### [What to produce]
Reproduce the whole of the records exactly, and make sure no picture is carried into the result.

### [Provided records]
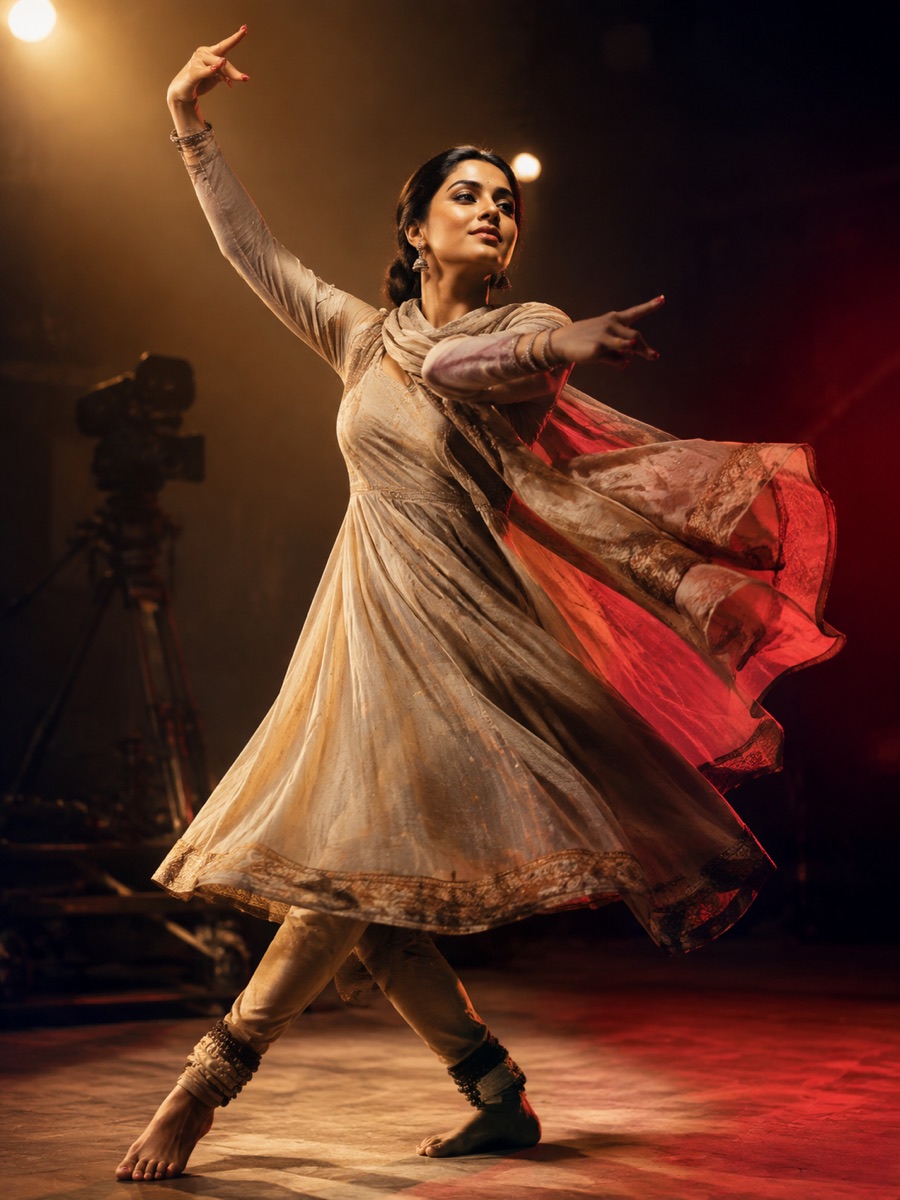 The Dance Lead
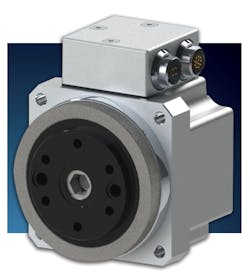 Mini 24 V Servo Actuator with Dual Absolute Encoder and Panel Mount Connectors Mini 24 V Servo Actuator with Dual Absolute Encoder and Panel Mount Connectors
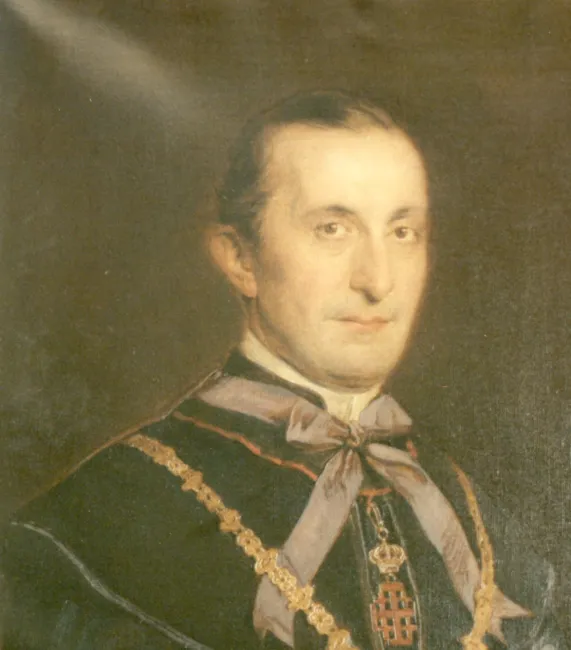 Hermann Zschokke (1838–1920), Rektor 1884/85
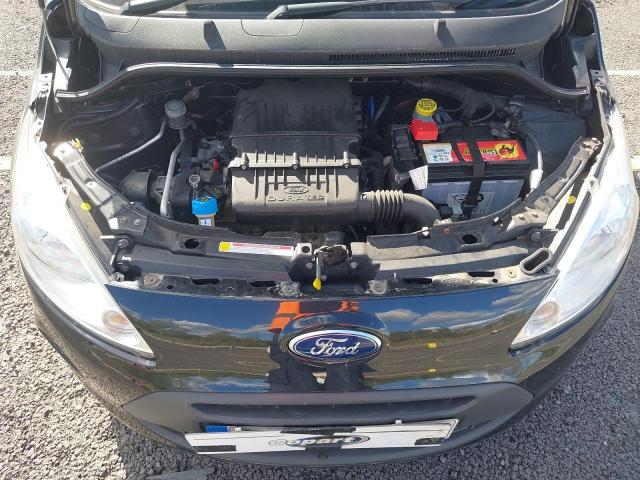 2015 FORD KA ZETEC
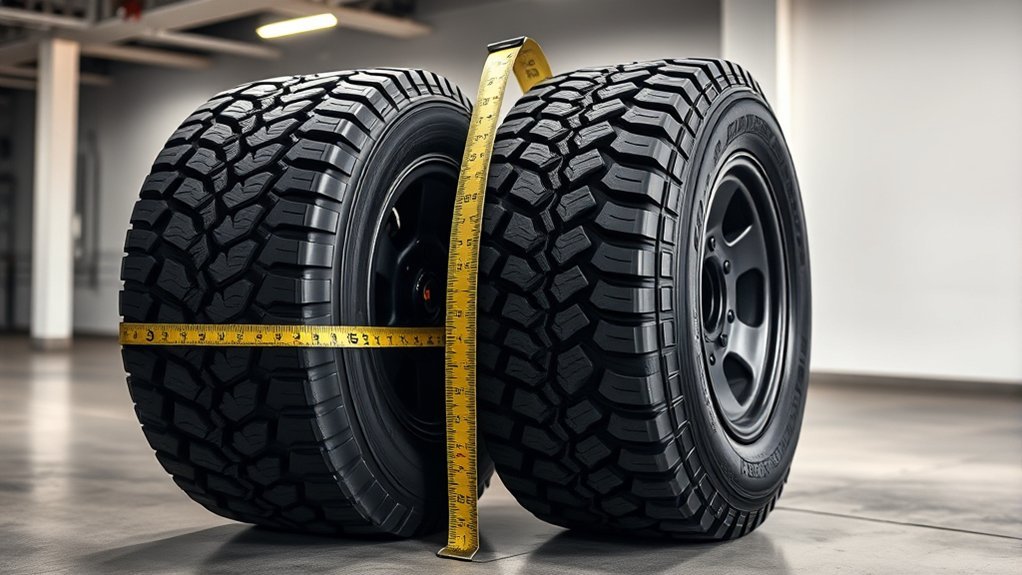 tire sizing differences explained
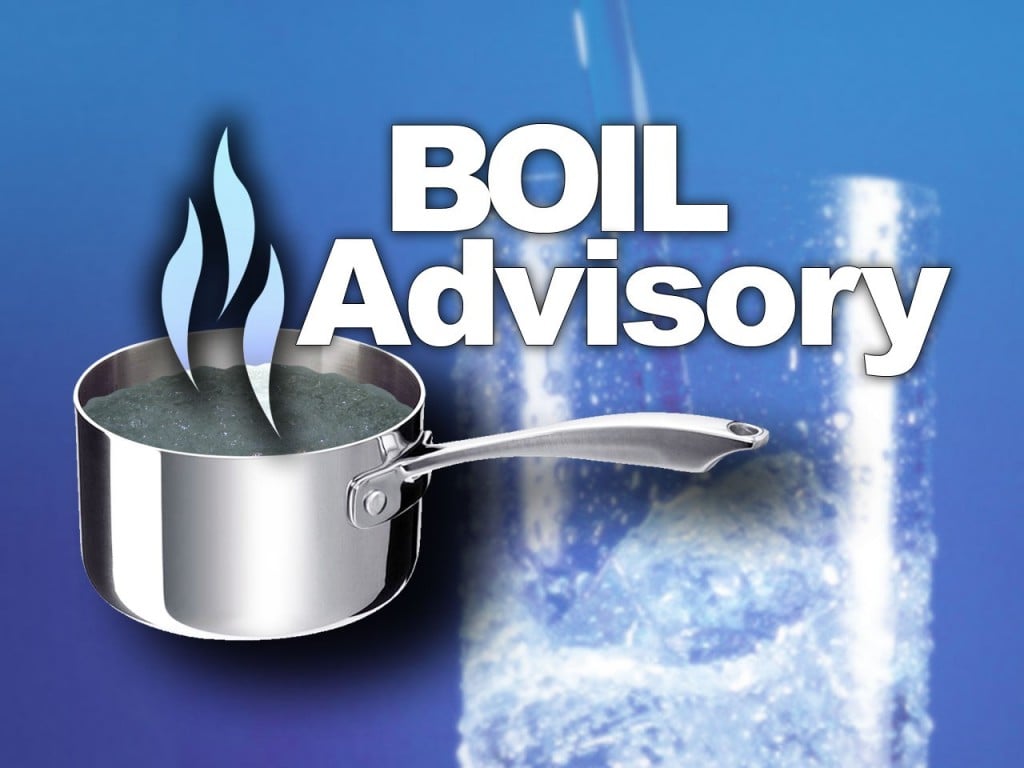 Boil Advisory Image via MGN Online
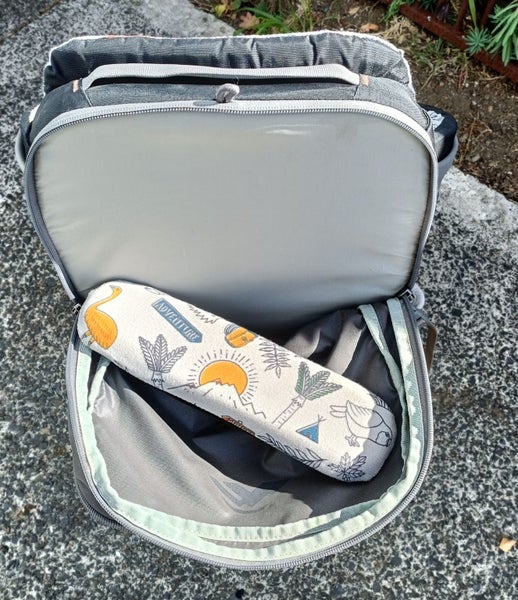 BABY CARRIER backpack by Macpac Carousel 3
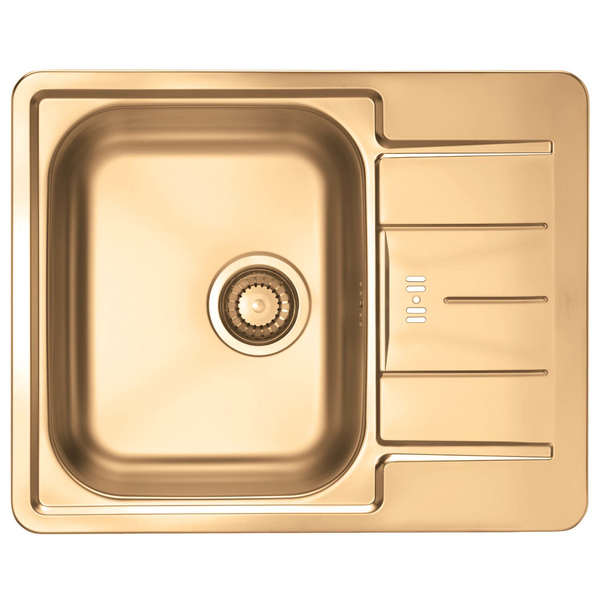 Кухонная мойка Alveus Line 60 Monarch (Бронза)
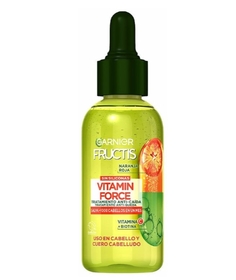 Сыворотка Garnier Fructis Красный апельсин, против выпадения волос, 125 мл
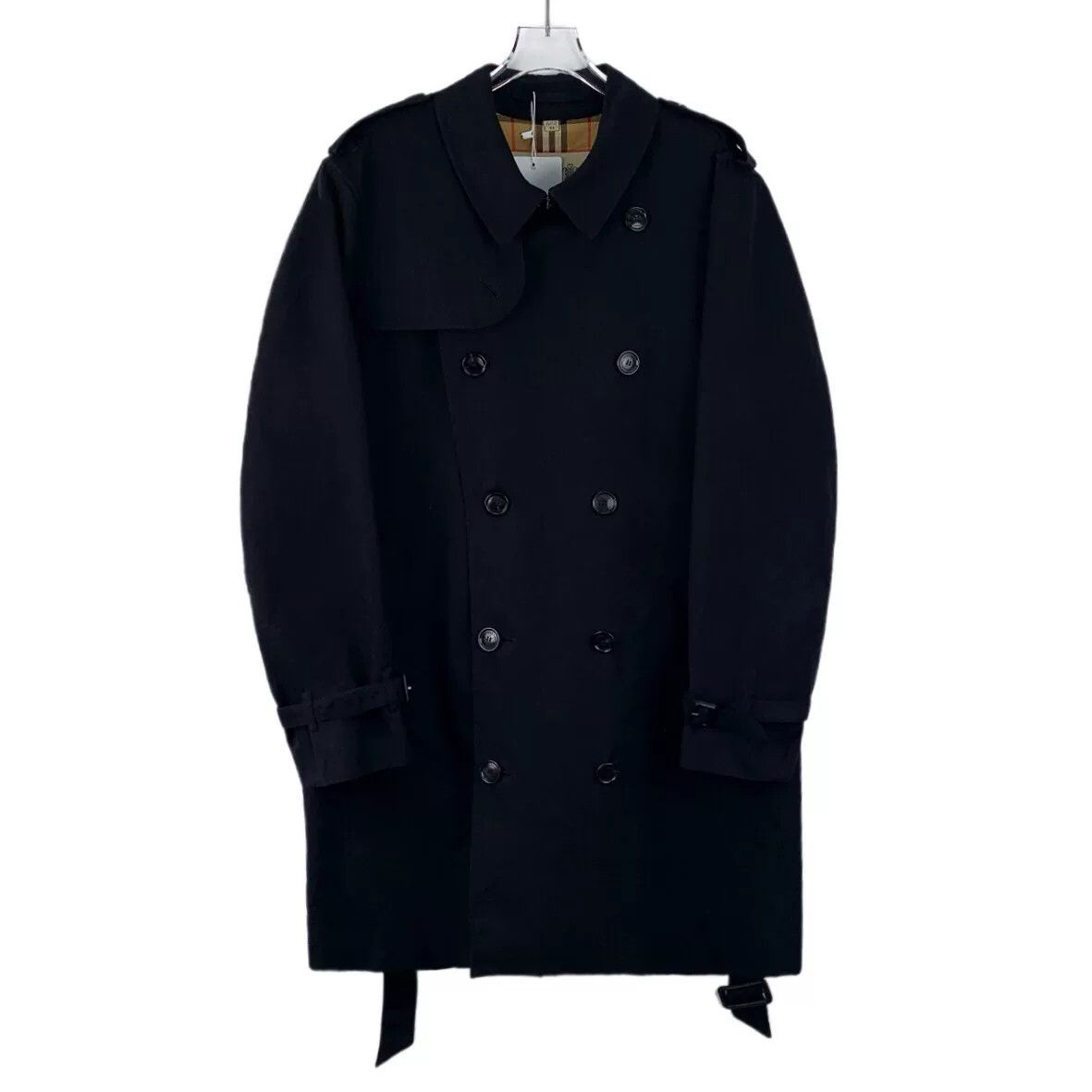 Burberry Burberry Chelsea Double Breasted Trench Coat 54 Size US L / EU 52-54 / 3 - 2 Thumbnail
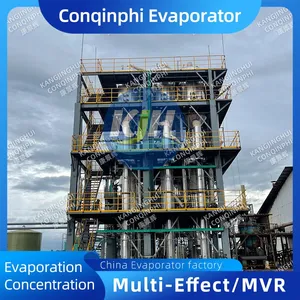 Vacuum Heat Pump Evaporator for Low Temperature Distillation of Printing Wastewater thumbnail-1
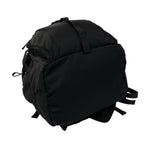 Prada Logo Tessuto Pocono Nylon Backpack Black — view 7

### [Response to this exercise]
 The Dance Lead
 Mini 24 V Servo Actuator with Dual Absolute Encoder and Panel Mount Connectors Mini 24 V Servo Actuator with Dual Absolute Encoder and Panel Mount Connectors
 Hermann Zschokke (1838–1920), Rektor 1884/85
 2015 FORD KA ZETEC
 tire sizing differences explained
 Boil Advisory Image via MGN Online
 BABY CARRIER backpack by Macpac Carousel 3
 Кухонная мойка Alveus Line 60 Monarch (Бронза)
 Сыворотка Garnier Fructis Красный апельсин, против выпадения волос, 125 мл
 Burberry Burberry Chelsea Double Breasted Trench Coat 54 Size US L / EU 52-54 / 3 - 2 Thumbnail
 Vacuum Heat Pump Evaporator for Low Temperature Distillation of Printing Wastewater thumbnail-1
 Prada Logo Tessuto Pocono Nylon Backpack Black — view 7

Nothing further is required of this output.